Top of DATA EXTRACT
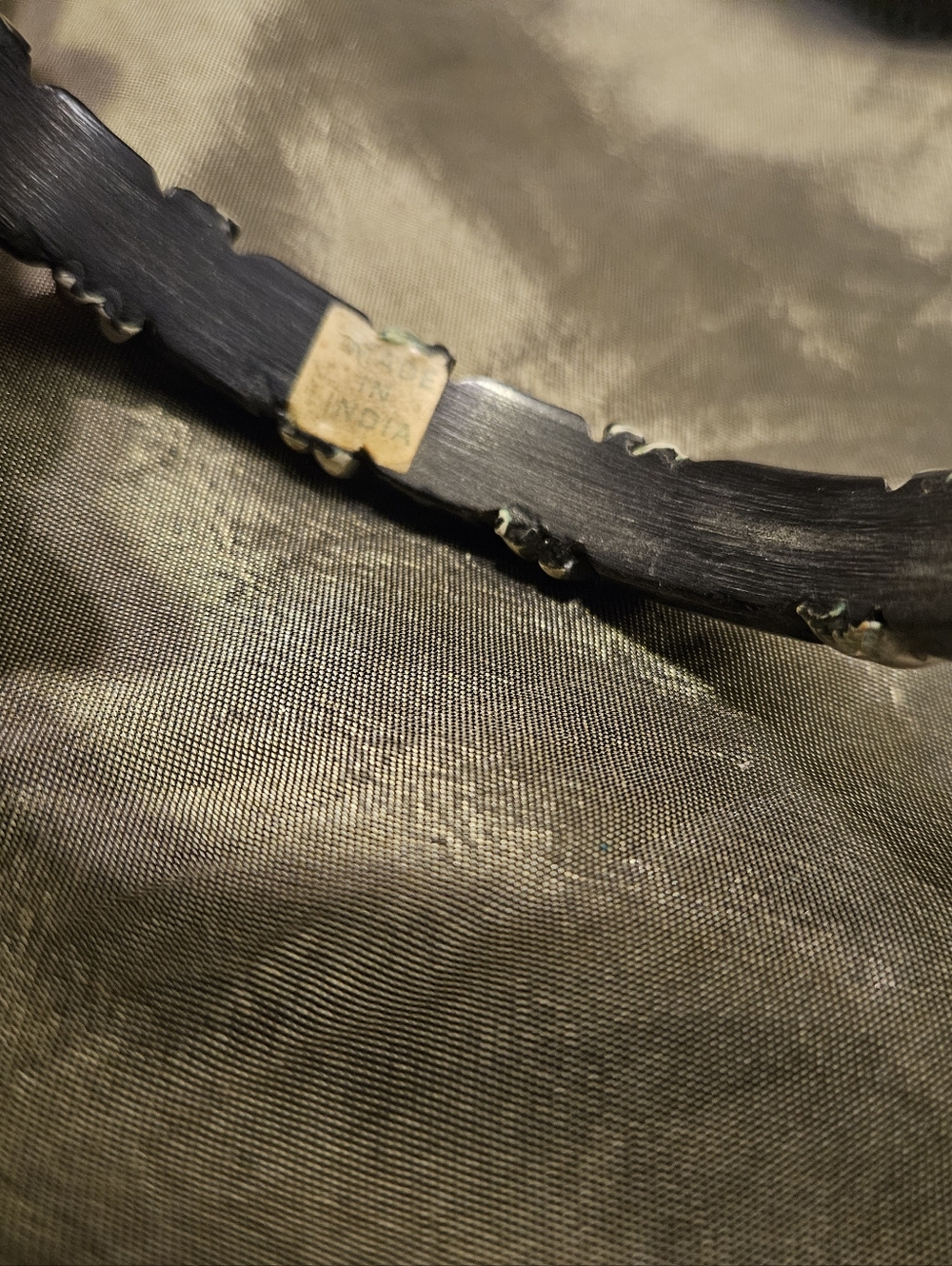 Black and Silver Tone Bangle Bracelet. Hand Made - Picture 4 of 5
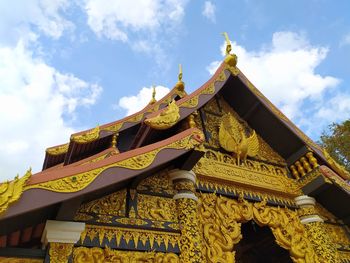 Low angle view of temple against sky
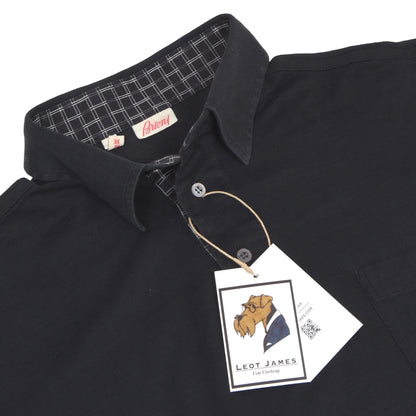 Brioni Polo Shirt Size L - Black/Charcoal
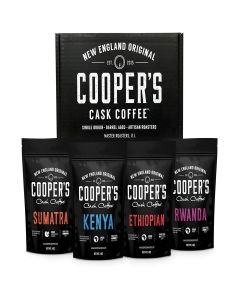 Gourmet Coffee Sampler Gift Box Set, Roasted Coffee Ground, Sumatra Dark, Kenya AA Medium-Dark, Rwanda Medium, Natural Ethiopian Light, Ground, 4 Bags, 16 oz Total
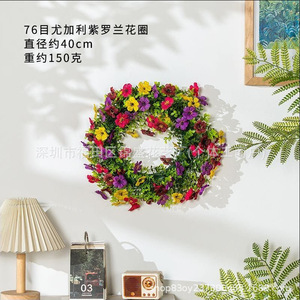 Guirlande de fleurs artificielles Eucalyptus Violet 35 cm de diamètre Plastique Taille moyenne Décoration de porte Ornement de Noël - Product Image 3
Bottom of DATA EXTRACT
§ PROBLEM STATEMENT: With pictures left out, extract the lines from the one containing "Brioni Polo Shirt Size L - Black/Charcoal" to the end of the material above, both included, exactly as written.

§ EXERCISE ANSWER:
 Brioni Polo Shirt Size L - Black/Charcoal
 Gourmet Coffee Sampler Gift Box Set, Roasted Coffee Ground, Sumatra Dark, Kenya AA Medium-Dark, Rwanda Medium, Natural Ethiopian Light, Ground, 4 Bags, 16 oz Total
 Guirlande de fleurs artificielles Eucalyptus Violet 35 cm de diamètre Plastique Taille moyenne Décoration de porte Ornement de Noël - Product Image 3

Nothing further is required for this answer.